Ele é necessário. O Senhor C odeia-me com o fígado, por isso é meu leitor – senão assíduo, costumeiro. Sob certo ângulo, devo-lhe a minha existência enquanto cronista da paróquia; malquisto ou amado, são vicissitudes deste ofício – desde que lido, digerido, extrusado nas ideias e nos devaneios do Outro.
É noite. Antes de fechar a tela passo os olhos pela caixa de e-mails. Ali está a nova mensagem do Senhor C. Confirmo a suspeita de que faço parte, mesmo sem querer, da vida do Senhor C. Habito os seus pensamentos, penetro-lhe as imagens, arranco-lhe preciosos momentos da existência; segundos, talvez minutos de angústia.
Não importa que o Senhor C dirija-me toda sorte de xingamentos. Devo-lhe consideração, pois nele as minhas palavras encontram ressonância, ao avesso. Senhor C acredita que eu seja marxista, trotskista, simplista, autista, niilista ou até cubista (não com tais palavras). Por não ter muita clareza onde encaixotar-me, abre um leque de termos mais acessíveis: verme, idiota, recalcado, sem caráter, crápula, imbecil, “medíucre” (sic) – et cetera.

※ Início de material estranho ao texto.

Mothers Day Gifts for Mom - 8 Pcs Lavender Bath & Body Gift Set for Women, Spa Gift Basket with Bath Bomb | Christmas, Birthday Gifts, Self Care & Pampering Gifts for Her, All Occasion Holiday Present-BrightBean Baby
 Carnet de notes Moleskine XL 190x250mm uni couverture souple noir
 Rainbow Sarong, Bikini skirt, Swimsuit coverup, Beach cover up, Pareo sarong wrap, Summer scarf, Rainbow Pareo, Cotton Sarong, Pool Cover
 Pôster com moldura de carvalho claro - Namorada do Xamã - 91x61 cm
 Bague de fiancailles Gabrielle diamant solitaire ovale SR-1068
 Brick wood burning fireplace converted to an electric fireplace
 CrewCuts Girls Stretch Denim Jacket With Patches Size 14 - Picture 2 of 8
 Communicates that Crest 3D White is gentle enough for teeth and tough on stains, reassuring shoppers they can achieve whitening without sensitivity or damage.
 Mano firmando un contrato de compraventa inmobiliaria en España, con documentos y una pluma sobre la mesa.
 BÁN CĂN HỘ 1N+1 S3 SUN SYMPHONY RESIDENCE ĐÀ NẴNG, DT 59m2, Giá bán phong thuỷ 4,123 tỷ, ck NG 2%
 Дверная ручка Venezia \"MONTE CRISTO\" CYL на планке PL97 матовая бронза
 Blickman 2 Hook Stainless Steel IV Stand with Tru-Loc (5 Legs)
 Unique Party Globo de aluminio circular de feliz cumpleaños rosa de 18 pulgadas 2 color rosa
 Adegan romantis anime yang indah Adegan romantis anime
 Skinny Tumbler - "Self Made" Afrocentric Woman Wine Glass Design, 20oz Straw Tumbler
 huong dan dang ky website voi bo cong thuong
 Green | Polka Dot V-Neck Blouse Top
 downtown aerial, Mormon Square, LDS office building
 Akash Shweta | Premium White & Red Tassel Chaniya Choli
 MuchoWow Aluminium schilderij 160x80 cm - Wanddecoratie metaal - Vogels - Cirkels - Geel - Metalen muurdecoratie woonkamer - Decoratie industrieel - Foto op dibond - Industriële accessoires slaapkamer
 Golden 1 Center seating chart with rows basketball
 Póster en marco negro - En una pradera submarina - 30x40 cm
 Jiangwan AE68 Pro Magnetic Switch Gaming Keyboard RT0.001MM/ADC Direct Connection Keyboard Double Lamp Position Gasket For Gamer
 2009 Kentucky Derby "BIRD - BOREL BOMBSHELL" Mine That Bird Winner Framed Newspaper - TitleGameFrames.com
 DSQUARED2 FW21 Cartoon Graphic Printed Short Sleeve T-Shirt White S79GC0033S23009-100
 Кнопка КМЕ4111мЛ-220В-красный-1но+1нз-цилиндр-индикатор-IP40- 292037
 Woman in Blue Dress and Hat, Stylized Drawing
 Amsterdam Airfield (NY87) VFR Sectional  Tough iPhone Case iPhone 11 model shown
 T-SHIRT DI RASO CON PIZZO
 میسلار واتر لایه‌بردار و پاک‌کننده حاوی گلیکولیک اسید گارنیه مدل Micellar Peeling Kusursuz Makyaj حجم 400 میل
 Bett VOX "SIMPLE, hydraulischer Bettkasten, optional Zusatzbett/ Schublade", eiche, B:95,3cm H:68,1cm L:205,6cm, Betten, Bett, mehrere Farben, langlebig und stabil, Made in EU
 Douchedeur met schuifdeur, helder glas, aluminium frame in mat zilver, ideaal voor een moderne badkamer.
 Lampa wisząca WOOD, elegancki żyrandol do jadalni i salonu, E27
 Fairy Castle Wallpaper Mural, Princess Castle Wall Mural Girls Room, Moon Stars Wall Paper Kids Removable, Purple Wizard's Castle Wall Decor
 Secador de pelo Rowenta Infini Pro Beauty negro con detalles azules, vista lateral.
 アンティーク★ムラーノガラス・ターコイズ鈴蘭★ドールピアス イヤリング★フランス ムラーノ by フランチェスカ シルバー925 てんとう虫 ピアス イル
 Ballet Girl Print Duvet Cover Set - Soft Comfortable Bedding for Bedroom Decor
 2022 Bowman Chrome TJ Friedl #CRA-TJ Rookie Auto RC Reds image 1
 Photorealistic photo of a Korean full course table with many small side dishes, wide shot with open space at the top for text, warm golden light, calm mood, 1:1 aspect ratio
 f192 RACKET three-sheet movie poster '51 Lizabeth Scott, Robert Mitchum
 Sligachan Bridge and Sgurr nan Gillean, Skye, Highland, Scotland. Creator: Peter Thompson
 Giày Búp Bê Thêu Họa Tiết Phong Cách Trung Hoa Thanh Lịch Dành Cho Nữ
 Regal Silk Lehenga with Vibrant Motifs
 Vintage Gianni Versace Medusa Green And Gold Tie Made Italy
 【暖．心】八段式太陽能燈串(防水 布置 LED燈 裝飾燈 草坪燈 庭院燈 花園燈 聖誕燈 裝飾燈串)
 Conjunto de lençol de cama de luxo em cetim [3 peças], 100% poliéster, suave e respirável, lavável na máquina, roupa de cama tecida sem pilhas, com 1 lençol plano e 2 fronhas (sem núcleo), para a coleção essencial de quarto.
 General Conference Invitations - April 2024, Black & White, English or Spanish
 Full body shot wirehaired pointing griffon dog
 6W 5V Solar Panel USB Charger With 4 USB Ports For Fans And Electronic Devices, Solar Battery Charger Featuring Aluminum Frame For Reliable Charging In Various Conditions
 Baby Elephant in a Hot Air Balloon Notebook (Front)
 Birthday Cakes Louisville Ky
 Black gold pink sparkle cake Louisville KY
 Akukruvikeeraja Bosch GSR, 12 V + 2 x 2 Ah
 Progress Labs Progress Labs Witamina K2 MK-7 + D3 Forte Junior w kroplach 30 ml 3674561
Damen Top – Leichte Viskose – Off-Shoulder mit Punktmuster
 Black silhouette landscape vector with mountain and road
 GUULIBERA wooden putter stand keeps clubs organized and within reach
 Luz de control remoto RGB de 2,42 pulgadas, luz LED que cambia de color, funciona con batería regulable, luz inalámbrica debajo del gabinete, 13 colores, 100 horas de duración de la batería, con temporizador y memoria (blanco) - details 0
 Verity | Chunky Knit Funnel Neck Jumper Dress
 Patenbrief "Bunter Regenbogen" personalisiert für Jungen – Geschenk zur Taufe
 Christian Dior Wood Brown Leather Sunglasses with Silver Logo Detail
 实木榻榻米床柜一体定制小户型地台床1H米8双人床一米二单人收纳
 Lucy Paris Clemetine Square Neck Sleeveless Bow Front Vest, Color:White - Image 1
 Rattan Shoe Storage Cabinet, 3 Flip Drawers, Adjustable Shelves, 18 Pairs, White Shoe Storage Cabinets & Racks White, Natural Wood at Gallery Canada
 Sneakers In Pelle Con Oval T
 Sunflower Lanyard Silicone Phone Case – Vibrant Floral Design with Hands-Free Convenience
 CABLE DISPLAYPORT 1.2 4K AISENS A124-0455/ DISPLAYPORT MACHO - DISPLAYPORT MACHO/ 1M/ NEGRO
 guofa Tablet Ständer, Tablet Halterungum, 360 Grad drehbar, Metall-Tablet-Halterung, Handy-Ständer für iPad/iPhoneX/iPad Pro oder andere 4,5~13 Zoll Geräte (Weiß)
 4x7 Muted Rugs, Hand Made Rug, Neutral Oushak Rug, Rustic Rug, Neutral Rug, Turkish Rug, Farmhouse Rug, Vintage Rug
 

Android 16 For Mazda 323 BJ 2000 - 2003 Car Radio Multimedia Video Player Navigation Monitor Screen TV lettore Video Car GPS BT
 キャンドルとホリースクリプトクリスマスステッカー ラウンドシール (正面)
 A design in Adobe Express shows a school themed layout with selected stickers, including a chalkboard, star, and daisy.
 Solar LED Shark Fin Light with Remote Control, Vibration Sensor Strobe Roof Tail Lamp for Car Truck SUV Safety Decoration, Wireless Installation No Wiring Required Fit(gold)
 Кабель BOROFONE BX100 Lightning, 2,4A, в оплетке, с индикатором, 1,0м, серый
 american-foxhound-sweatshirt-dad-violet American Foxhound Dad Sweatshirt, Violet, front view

Sabe, Senhor C, suspeito que os vizinhos também pensem isso, pela minha popularidade no grupo do whats do condomínio, igual ou menos que zero. O Sr. acerta um pouco em quase tudo, mas não em cheio. Tento refletir porque posso parecer tão odioso aos olhos desta sociedade. Na casa da infância tinha um Gradiente-Garrard que muito tocava os discos de um cantor baiano. Aquela música chamada Mosca na Sopa. Eu gostava. Pode ter sido isso; certos antecedentes transviados.
Não sei por que descargas d’água Senhor C cismou também que eu não respeito nem o meu próprio pai. O pedreiro Alécio Romano morreu há tanto tempo, eu tinha uns 17 anos. Hoje só posso confrontar tal suposição pelo filtro da minha memória, altamente suspeita. Sou um indigno de Deus e da Pátria: certamente tais sugestões não faltariam nos solilóquios do Senhor C. Ao que também estou inclinado a dar-lhe razão.
Comovo-me. Pois se pudéssemos dar um salto até uma estrela próxima, e então olhar para a Terra, ver que não somos ou significamos – eu e o Sr. – nada além de faíscas efêmeras de uma espécie passageira no quintal do mundo. Quando tudo virar cinzas por aqui – estamos na vanguarda disso –, seremos pó indefinido, apenas, Senhor C.
Obs.: Senhor C deixa claro que leu-me outra vez só porque usou o jornal “para a cachorrinha mijar em cima” (eu também gosto de ler jornais velhos no xixi das gatas ou quando acendo o fogo na lareira). Saudações à cadelinha.